Knowing the HP fuser film sleeve evolution explains why
Aluminum, polyimide, silicone, nickel and stainless steel. What do these have in common? They are all part of the evolution of the fuser. Printers have come a long way since the days of the SX (the old HP II and III). Same goes for the technology used to get toner fused to the paper.
HP fuser film sleeve
Understanding the way HP fusers and fusing technology have developed gives a clear picture why not all sleeves are interchangeable in HP printers, as believed by some.
Originally, the fuser started very simple. A silicone pressure roller mated with a coated hollow aluminum roller.
The heat source was a quartz lamp inside the aluminum roller. It produced two things:
heat and light. The inside of the roller is coated in a black paint to help absorb the light. The light bulb also creates heat, which is absorbed by the aluminum.

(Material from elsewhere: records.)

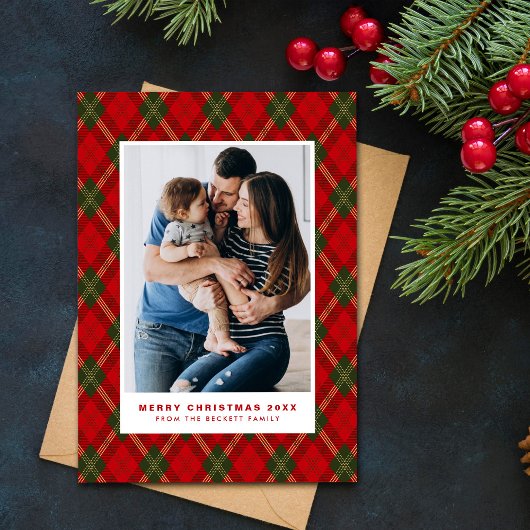 Preppy Plaid Vintage Christmas Photo Feestdagenkaart
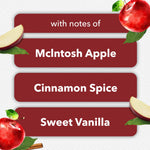 Graphic listing fragrance notes on red panels: McIntosh Apple, Cinnamon Spice, and Sweet Vanilla with apple artwork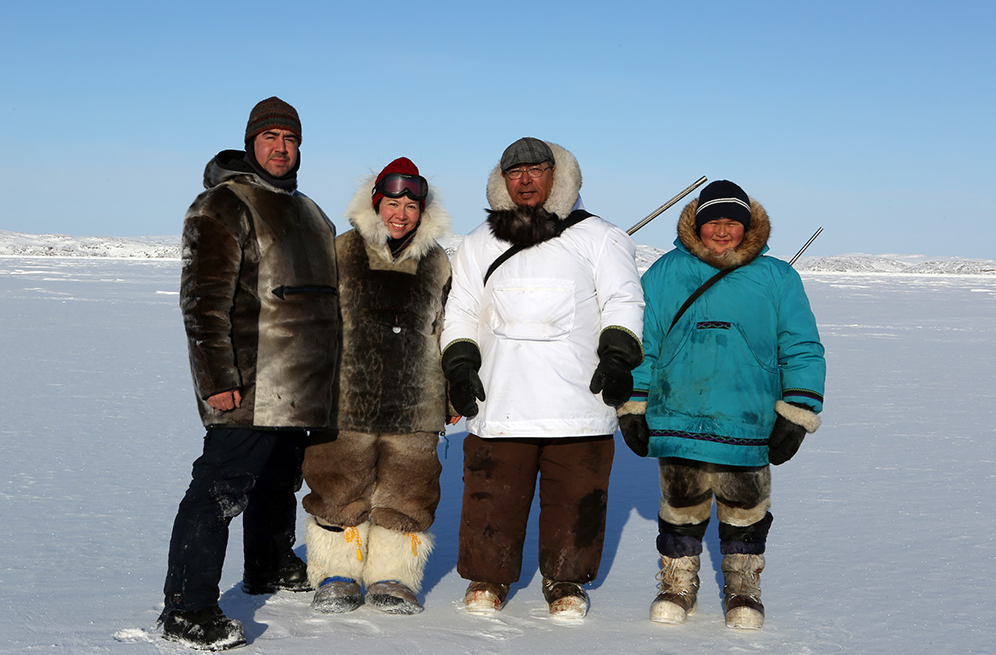 Alethea Arnaquq-Baril (second from the left) says she hopes her film will break deep-held stereotypes created by decades of well-funded anti-sealing campaigns. (Qajaaq Ellsworth)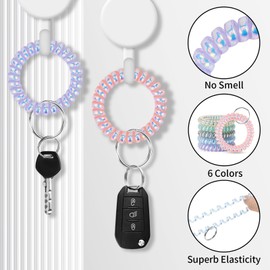 QIUTIMIY 6PCS Wristlet Keychain, Colorful Spiral Coil Hair Tie for Women, Sauna Accessories Wrist Coil Key Ring Key Holder(Dazzle-S)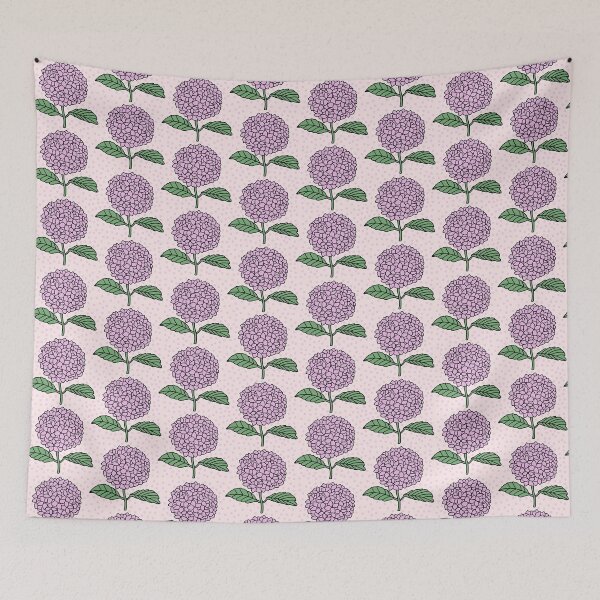 Item preview, Boho Pastel Pink Floral Hydrangeas designed and sold by Lindsay Marie Patterns.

The lamp turns on, warms up the aluminum roller to the correct temperature, then shuts off. This process would repeat numerous times during printing and at idle to keep the fuser warmed. Unfortunately, this process is not very efficient for most users.
It does have a few advantages, however. It allows printing at very fast speeds because it enables much better heat retention, plus it causes less imaging defects. Due to its simplicity, this fuser is also the most reliable.
Its major downfalls are it takes the printer fuser a long time to get to temperature, and is not very energy efficient. For a user who either prints a lot or prints on thicker media like labels and card stock, this method is still the preferred choice.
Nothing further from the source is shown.